In August 2014, D’Souza joined the 8th Circuit Office of Staff Attorneys as a staff attorney. In September 2018, she pursued an opportunity she couldn’t resist: filling the Hon. Richard B. Teitelman Chair for Legal Services of Eastern Missouri.
The chair is devoted to the kind of high-impact systemic advocacy that characterized the career of the late Teitelman, who served as LSEM executive director before becoming a judge and later chief justice of the state Supreme Court.
“I just saw this sea change in advocacy opportunities in a way that I was waiting and hoping for, and a realization in our community of inequality and lack of access to resources that low-income African American families just don’t have in the way that [other families] do,” she said.

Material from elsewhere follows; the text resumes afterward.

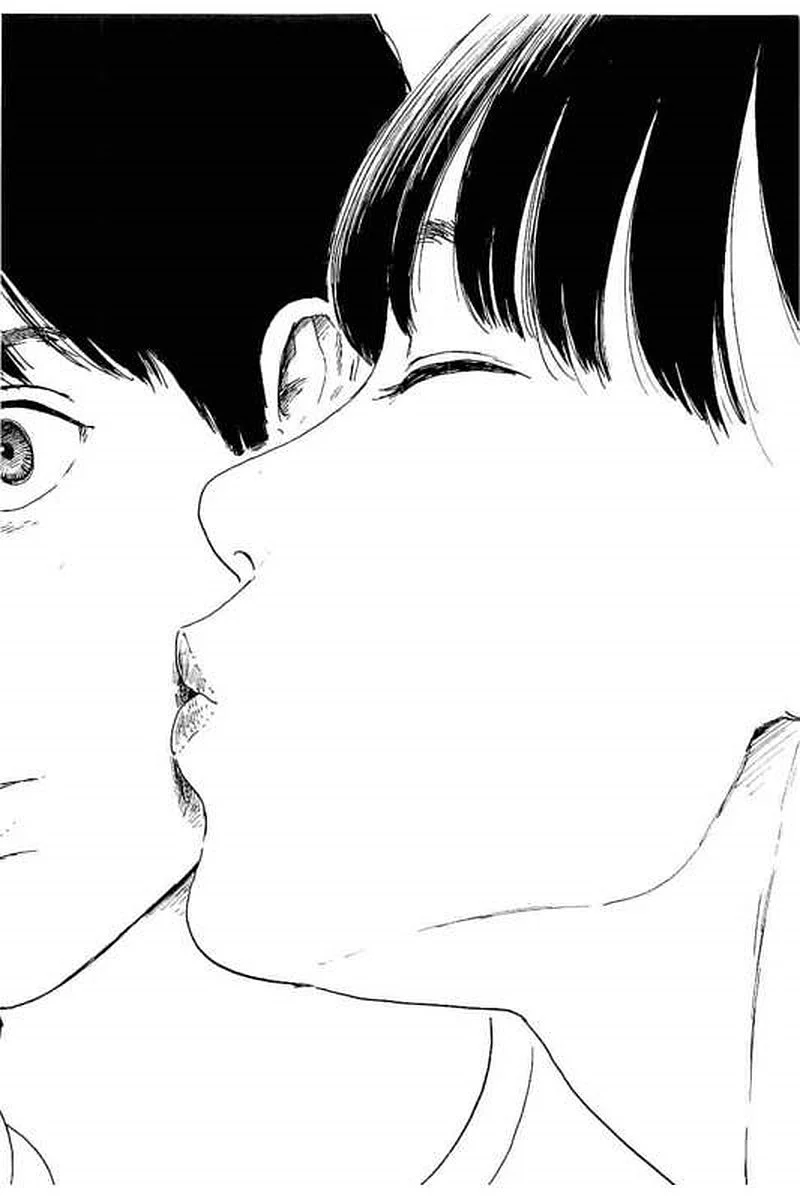 P34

She now works on issues related to public housing in Wellston, northwest of St. Louis. U.S. Department of Housing and Urban Development officials announced in 2018 that the agency planned to eliminate 201 units of public housing in that community, permanently displacing more than 500 people.
D’Souza said losing so many residents would devastate the already-underserved area. She also learned from those families that displacement wasn’t a new story to them —they had lived through it before, and they wanted to stand up to save their housing and community.
For her, this case is all about on empowering those people to make their own situations better.
“In terms of impact and learning, things I’ve tried to carry through my case [are] centering the clients and empowering them — not fixing their problems, but lifting communities. That is important to me,” D’Souza said.
When asked what advice she would give to her younger self, D’Souza thought for a moment.
“I mean, I would tell her you’re not always going to win, and losses hurt most when you care deeply about the issues and clients you are working for. But the fact that you lose doesn’t mean it wasn’t a fight worth taking on,” she said.
“So you shouldn’t measure your success on how many cases you win, but how many times you were willing to take on a client who needed you to fight for them.”